Tate gallery buys Ai Weiwei sunflower seeds artwork
Britain's Tate gallery has bought a work by Chinese artist Ai Weiwei made up of 8 million porcelain sunflower seeds — a portion of the 100 million he brought to London in 2010.
Tate said Monday that it had purchased Sunflower Seeds 2010 — 10 cubic metres of seeds, hand-crafted by Chinese artisans, which can be displayed either as a conical pile or as a square or rectangular bed.
The gallery did not disclose the price. In 2011, Sotheby's auction house sold a 100 kg bag of the seeds for £350,000 pounds (nearly $549,000 Cdn).
In 2010, Ai covered the floor of a 1,000 sq. metre hall at London's Tate Modern with almost 100 million of the seeds.
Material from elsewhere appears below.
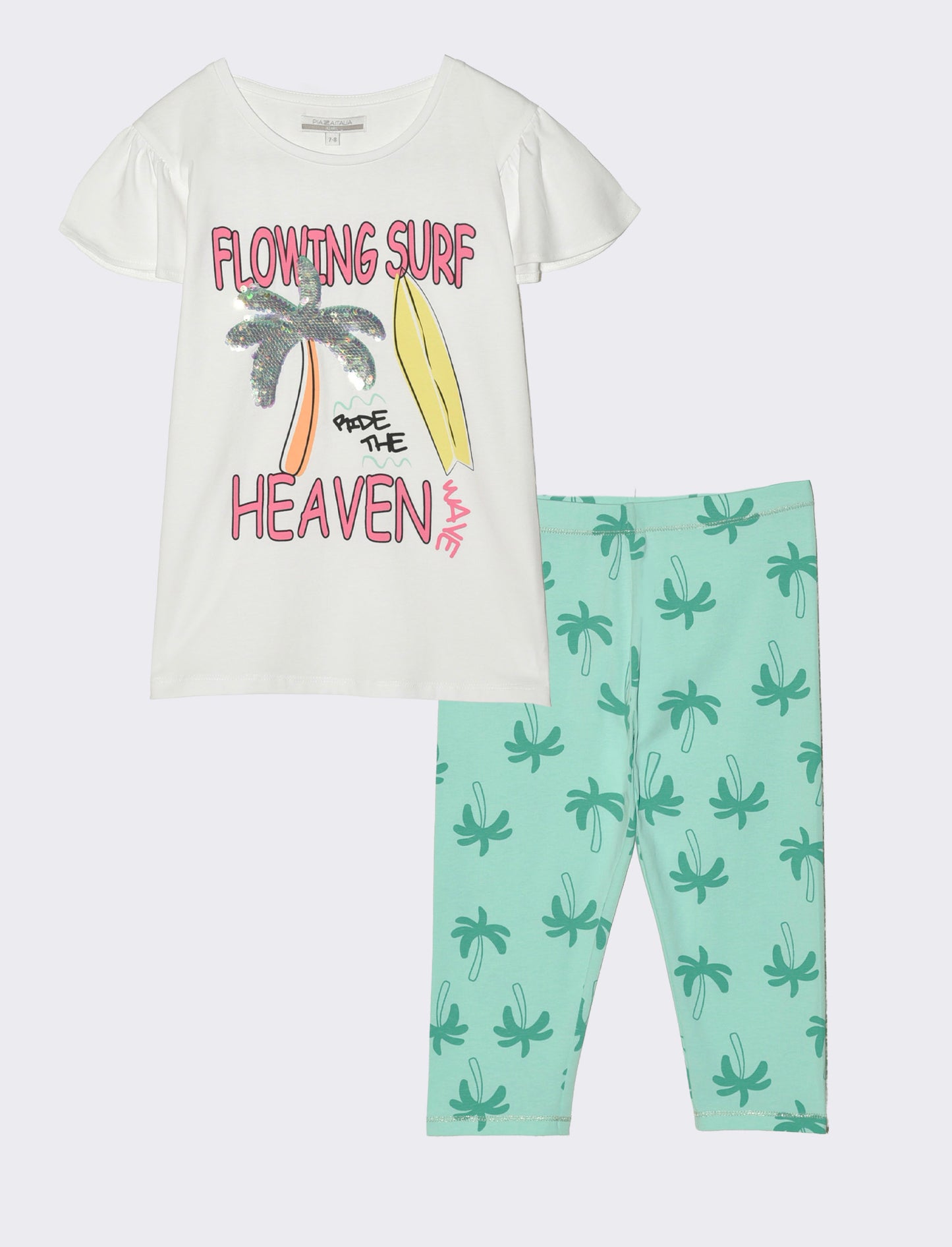 Set due pezzi mezza manica bambina - Verde acqua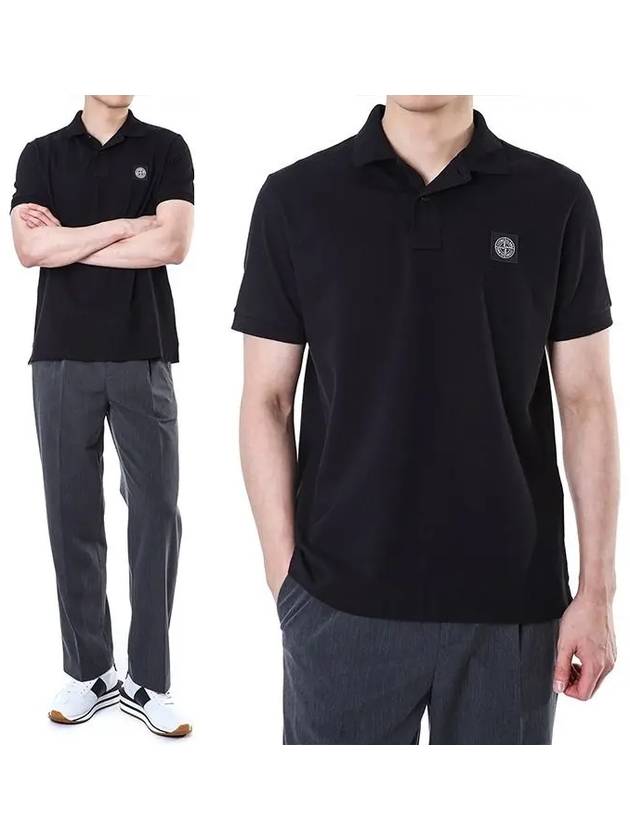 Pique Stretch Cotton Short Sleeve Polo Shirt Black - STONE ISLAND - BALAAN 3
Visitors were initially invited to walk or lie on them, but after a few days the ceramic dust was judged a health hazard and the exhibit was cordoned off.
It still proved a hugely popular show. The gallery said the seeds, a common Chinese street snack, represented friendship and compassion, raised questions of individualism and evoked the enforced conformity of the Cultural Revolution, when propaganda posters depicted Chairman Mao as the sun and Chinese people as sunflowers turning toward him.
The bearded and burly Ai, 54, has exhibited widely in Europe and the United States and last year was named the world's most powerful artist by Britain's Art Review magazine.
He helped design the futuristic Bird's Nest stadium for the 2008 Beijing Olympics, but later soured on the event.
His social activism has brought him into conflict with the Beijing authorities. In 2011 he was detained for almost three months during a wider crackdown on dissent, and has since been investigated for tax evasion.